The incidence of second primary malignancies (SPM) in long-term survivors of multiple myeloma (MM) is increasing because of increased life expectancy. We retrospectively analyzed the risk factors for SPM in patients with MM after autologous stem cell transplantation (ASCT) before and after the introduction of proteasome inhibitors and immunomodulatory drugs (IMiDs). In total, 2,340 patients newly diagnosed with MM who underwent ASCT between 1995 and 2016 were enrolled in this study.
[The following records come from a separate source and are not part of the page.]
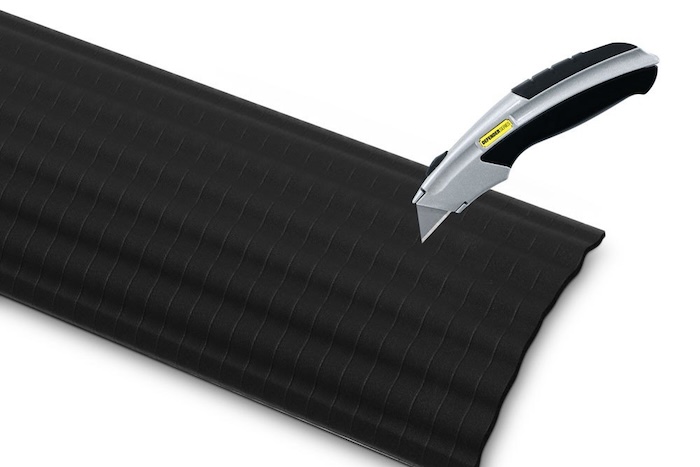 Defender Office cable protector being cut 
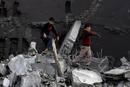 Dos ni&ntilde;os caminan sobre los escombros de un edificio destruido en un ataque a&eacute;reo israel&iacute; en el campo de refugiados de Shati, en la Franja de Gaza.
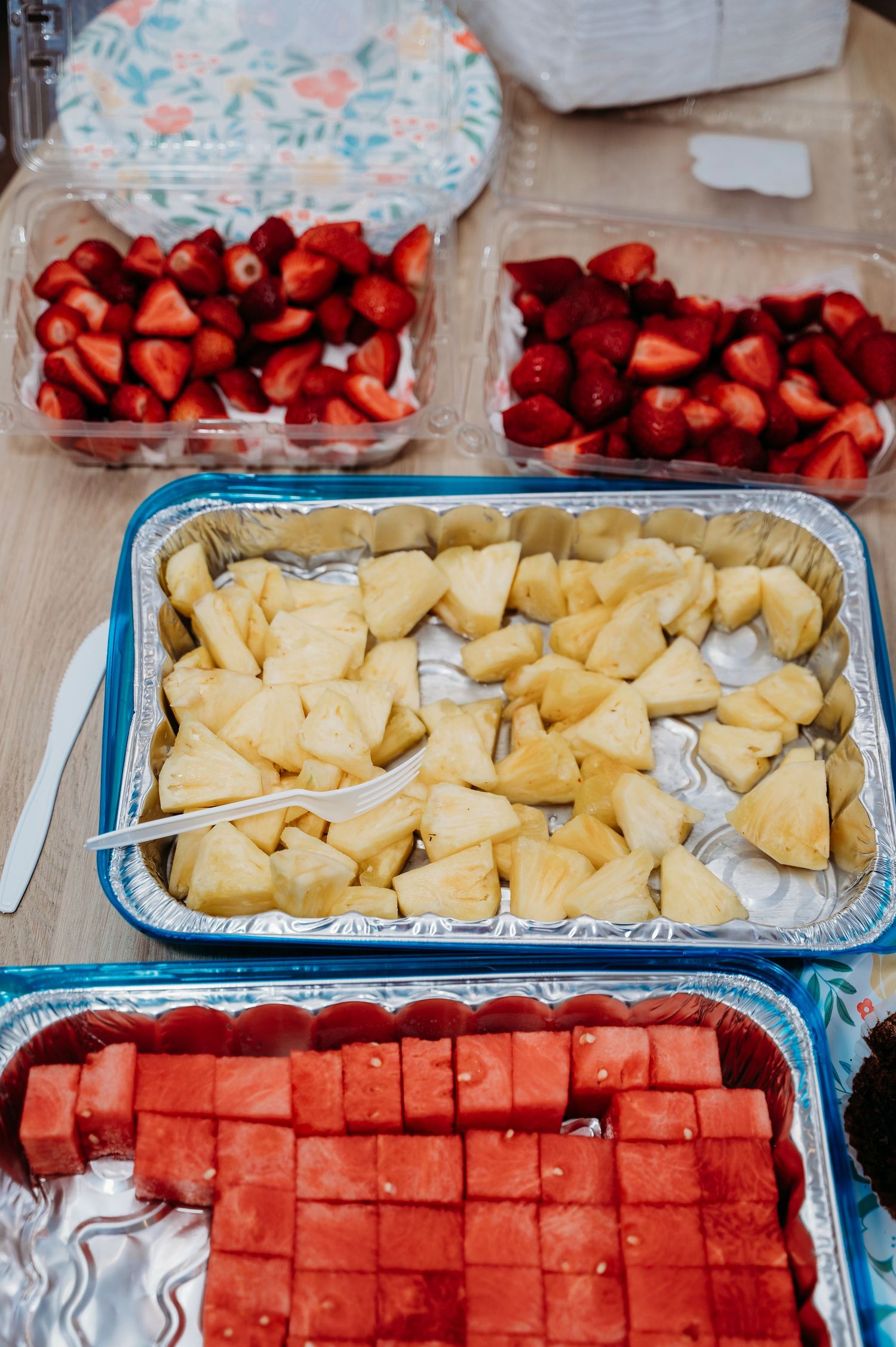 Fresh cut fruit spread with sliced pineapple, watermelon cubes, and bright red strawberries in serving trays.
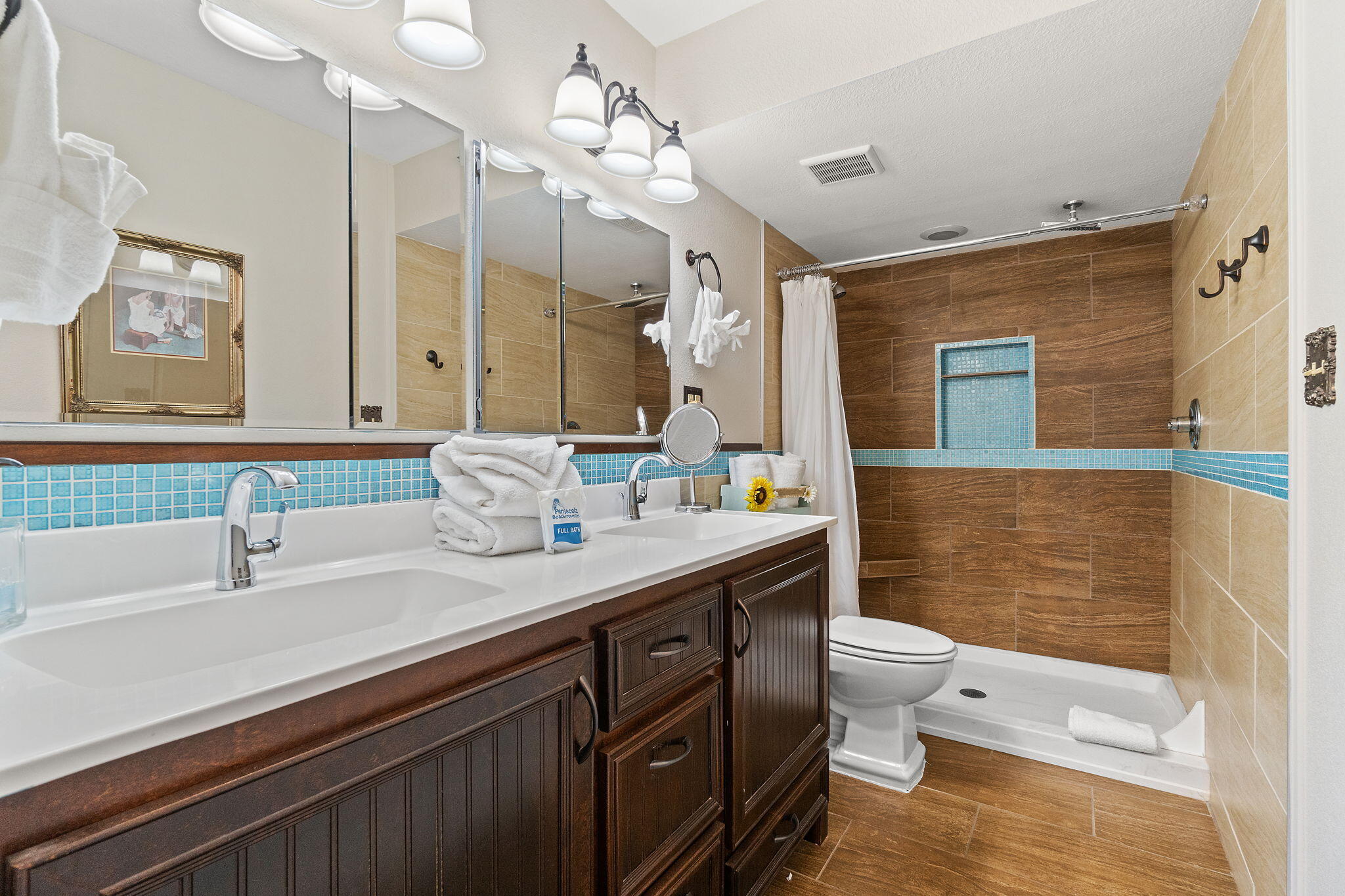1200 Fort Pickens Road, Unit 1E Pensacola Beach, FL 32561 - Photo 28 of 44 a bathroom with a granite countertop sink a toilet a mirror and shower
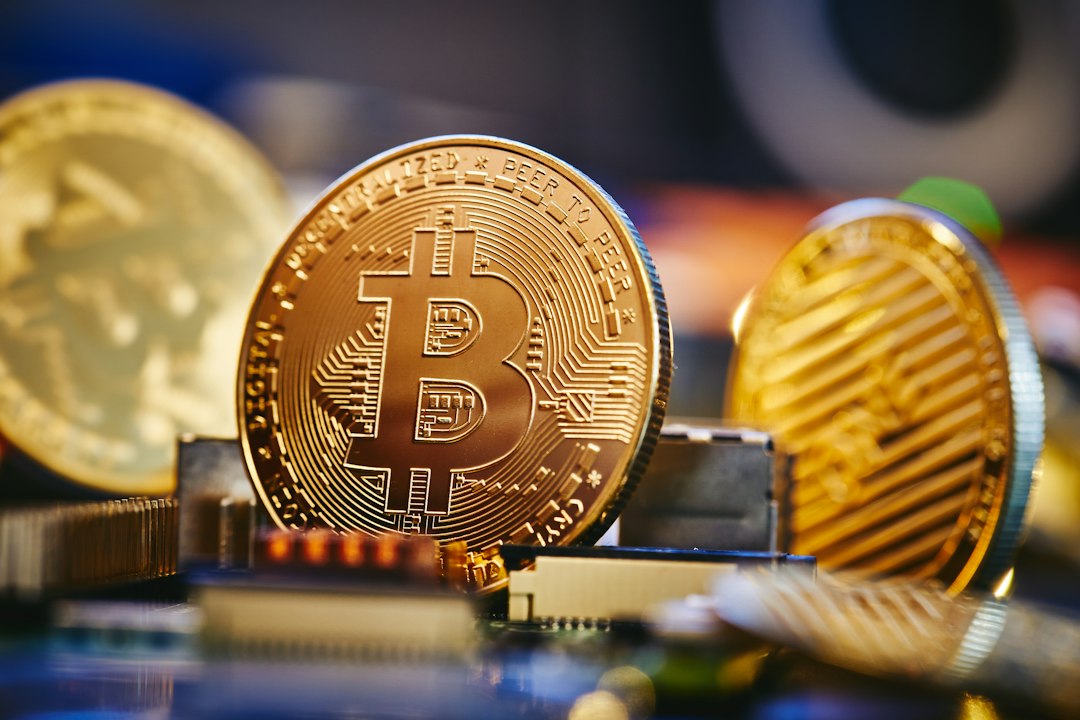 a bit coin sitting on top of a computer chip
Forty-three patients developed SPM (29 solid, 12 hematological, and 2 unknown tumors), with cumulative incidence rates of 0.8% and 2.5% at 24 and 60 months, respectively. The cumulative incidence rates of hematological and solid SPM at 60 months were 0.8% and 1.8%, respectively. The overall survival (OS) rate at 60 months after ASCT was 62.9% and the OS rates after the diagnosis of SPM at 24 months were 72.2% for hematological SPM and 70.9% for solid SPM. Multivariate analysis revealed that the use of IMiDs (P=0.024) and radiation (P=0.002) were significant independent risk factors for SPM. The probabilities of developing SPM and death due to other causes (mainly MM) at 60 months were 2.5% and 36.5%, respectively, indicating that the risk of SPM was lower than that of death from MM. Furthermore, SPM between the pre-novel and novel agent eras (ASCT between 2007 and 2016) groups significantly increased (1.9% vs. 4.3% at 60 months; P=0.022). The early occurrence of SPM after ASCT should be monitored cautiously.